The placement lists shrink, the names turn obscure, monthly allowance vanishes in a week, something is not right. In a nutshell, money is missing. This is the average young person’s view on the crisis.
The papers, the economists and the experts have analyzed the crisis to the point of exhaustion, and every contradictory point of view has been debated, supported and torn down. They discuss hundreds of theories that economics has spewed out, they talk about the definition and squabble about the semantics of it – is it a recession or is it a downturn? Speculations are unending about when the economy will rise again.
For the young world, definitions are irrelevant. We are not scholars or intellectuals, we are the masses. For us, the name of this situation is secondary to the solution. As far as we are concerned, what we see exemplifies the crisis perfectly – no work, no money. That is the extent of this issue. And our high school civics textbooks have more than sufficiently highlighted the many vices of unemployment.
Then we hear and read about the many hundreds of theories being pushed around. Yes, we understand how stimulating the economy might help, how increasing money supply is now the only option left. We do agree that these things will have a positive impact in the Long Run. But we don’t see these processed in action, the invisible hand is truly invisible and for the youth, inadequate.
What we want, need and strive for is practical solutions. In the practical world, we see our friends, our brothers and sisters, our families not being able to find jobs, unemployed, underemployed, settling for any job they can find. To ensure the same fate does not hit us, we are constantly reinventing ourselves, trying to do anything and everything to set ourselves apart from the mediocre – be it through extra classes, pursuing a higher degree, doing double degrees, more professional courses, dance lessons, internships. A perfect example would be the ricocheting level of competition in higher education. Everybody would rather pursue a Master’s degree than jump into work directly. And this means more demand for higher education and far more competition. And thus the need for flexibility.

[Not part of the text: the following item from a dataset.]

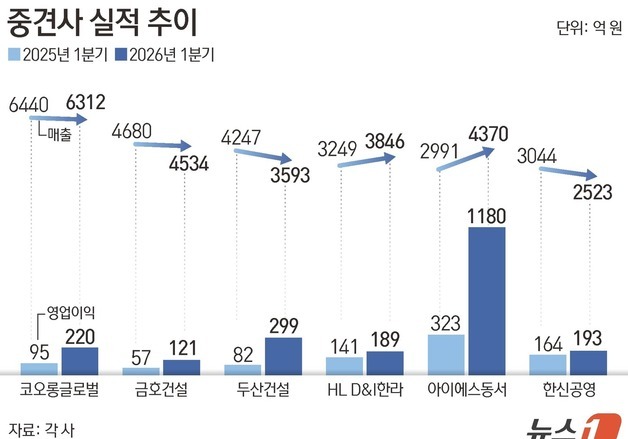 "외형보다 수익성"…중견 건설사들 체질 개선 속도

We feel all organizations should be doing the same – being flexible, reinventing, offering more for less and being more efficient. Which is easy for the smaller companies, but for the rigid MNCs, it is a long and arduous process.
The way we see it, this crisis has its upsides. It makes the world and us re-evaluate the bubble we were living in, get realistic and become better equipped to handle the cut-throat competition that has emerged from the downturn. Natural Selection has spoken and no harm can come from that. Although socialism and the welfare state exist to buffer the impacts of this natural selection, they can do so only for a while. The world is going to catch up with us.